Difficile à rentabiliser
Chez Mediagrif, qui exploite notamment le site de rencontres Réseau Contact et le site de petites annonces LesPAC, la gratuité n’est pas à l’ordre du jour. « Si on a décidé de s’en tenir au modèle payant, c’est parce que c’en est un qui est sain et qui nous permet d’assurer la pérennité de nos opérations, soutient Suzanne Moquin, vice-présidente de solutions consommateurs chez Mediagrif. Le modèle gratuit, pour nous, c’était quelque chose qui était déficitaire et se financer par la publicité, c’est peut-être possible pour les joueurs internationaux, mais ce n’est pas une sinécure. »
Bien que le site soit en concurrence avec des joueurs offrant une alternative gratuite comme Kijiji et Craigslist, le trafic de LesPAC serait stable. Tout comme serait celui de Réseau Contact, qui se retrouve de facto en concurrence avec des sites gratuits comme POF et OkCupid. « La gratuité n’est pas la bonne orientation pour Réseau Contact, soutient Suzanne Moquin. Nous misons plutôt sur l’amélioration du service ; par exemple, notre service à la clientèle valide chacune des fiches des nouveaux membres. »
Guestful, pour sa part, a vite constaté que déloger OpenTable serait plus difficile que prévu. La start-up montréalaise continue à offrir son service de réservation en ligne gratuitement, mais elle offre de nouveaux services, comme le pré-paiement, pour se démarquer d’OpenTable et générer des revenus : « Le défi, dans notre créneau, c’était celui d’atteindre une taille suffisante pour être capable de vivre en convertissant seulement une fraction de nos utilisateurs à une offre payante. » Or, contrairement à OpenTable, qui emploie des vendeurs locaux dans les villes où elle est présente, Guestful ne peut pas se permettre d’investir autant dans l’acquisition d’un restaurant.
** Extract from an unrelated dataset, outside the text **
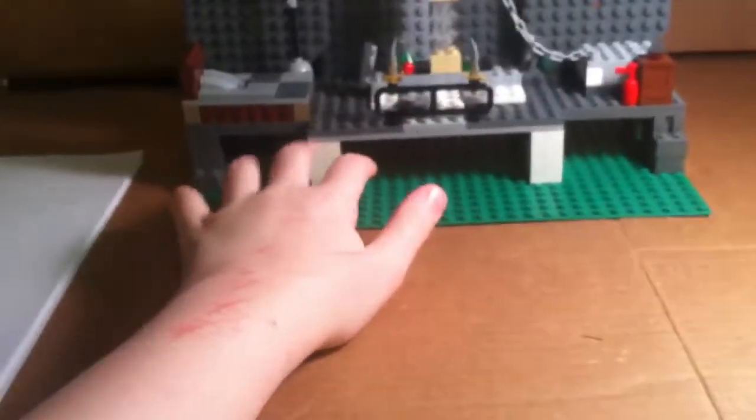And then on the bottom, you can see I put these little barricades — I forget what they're called, but yeah, lifters.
Malgré les défis posés par la gratuité, la stratégie est d’une efficacité redoutable lorsqu’elle est appliquée par un acteur aux poches profondes. Jean-David Bégin, d’ailleurs, continue à croire que le modèle commercial d’OpenTable est condamné, mais estime que ce sont d’autres acteurs, comme les fournisseurs de système de points de vente, qui réussiront à imposer leur solution gratuite.
Jean-François Ouellet, professeur de marketing à HEC Montréal, croit lui aussi qu’il est difficile d’échapper la gratuité dans les marchés qui s’y prêtent. Selon lui, le meilleur moyen d’éviter d’être victime de la gratuité serait de l’embrasser: « La meilleure défense, dans la vie, c’est l’attaque, mais ça prend des nerfs, et ce ne sont pas tous les entrepreneurs qui en ont assez pour investir dans quelque chose au risque de se cannibaliser eux-mêmes », conclut-il.